> [The problem]: Some lines in the entries contain the word "Wash". Copy all of them.

> [Entries supplied]:

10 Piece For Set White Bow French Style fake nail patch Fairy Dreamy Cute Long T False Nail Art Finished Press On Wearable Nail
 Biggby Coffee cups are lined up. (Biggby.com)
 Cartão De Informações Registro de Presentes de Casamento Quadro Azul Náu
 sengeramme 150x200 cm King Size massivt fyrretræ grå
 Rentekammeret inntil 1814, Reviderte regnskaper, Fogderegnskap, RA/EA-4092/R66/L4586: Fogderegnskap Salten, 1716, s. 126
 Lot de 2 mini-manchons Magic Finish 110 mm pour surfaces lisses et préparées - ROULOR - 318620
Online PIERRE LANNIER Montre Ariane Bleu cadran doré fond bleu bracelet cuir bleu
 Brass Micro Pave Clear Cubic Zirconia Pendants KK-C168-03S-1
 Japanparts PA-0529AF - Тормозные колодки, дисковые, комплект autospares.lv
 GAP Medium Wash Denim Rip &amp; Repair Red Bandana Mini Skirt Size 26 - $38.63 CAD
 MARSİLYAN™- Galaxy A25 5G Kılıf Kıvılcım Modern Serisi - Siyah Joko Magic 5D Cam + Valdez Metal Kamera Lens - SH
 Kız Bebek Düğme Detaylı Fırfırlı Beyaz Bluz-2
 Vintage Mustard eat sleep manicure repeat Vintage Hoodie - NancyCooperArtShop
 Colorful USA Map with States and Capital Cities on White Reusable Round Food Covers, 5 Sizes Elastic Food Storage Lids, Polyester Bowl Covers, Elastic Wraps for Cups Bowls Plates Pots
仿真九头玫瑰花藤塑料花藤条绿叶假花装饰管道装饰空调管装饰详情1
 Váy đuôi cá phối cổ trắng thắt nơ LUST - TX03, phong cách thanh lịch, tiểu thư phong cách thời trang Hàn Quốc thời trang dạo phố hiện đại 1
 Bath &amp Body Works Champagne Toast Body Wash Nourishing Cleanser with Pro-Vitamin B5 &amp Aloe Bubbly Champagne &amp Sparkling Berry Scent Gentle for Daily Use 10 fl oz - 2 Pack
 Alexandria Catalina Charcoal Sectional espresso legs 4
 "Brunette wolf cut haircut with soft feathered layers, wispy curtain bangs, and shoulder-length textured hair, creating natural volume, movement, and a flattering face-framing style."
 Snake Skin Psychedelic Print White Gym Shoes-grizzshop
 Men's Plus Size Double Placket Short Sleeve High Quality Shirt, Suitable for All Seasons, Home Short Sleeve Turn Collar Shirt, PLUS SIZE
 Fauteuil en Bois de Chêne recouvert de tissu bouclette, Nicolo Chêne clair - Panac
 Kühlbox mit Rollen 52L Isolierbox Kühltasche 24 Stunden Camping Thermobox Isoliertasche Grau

> [Completed task]:
 GAP Medium Wash Denim Rip &amp; Repair Red Bandana Mini Skirt Size 26 - $38.63 CAD
 Bath &amp Body Works Champagne Toast Body Wash Nourishing Cleanser with Pro-Vitamin B5 &amp Aloe Bubbly Champagne &amp Sparkling Berry Scent Gentle for Daily Use 10 fl oz - 2 Pack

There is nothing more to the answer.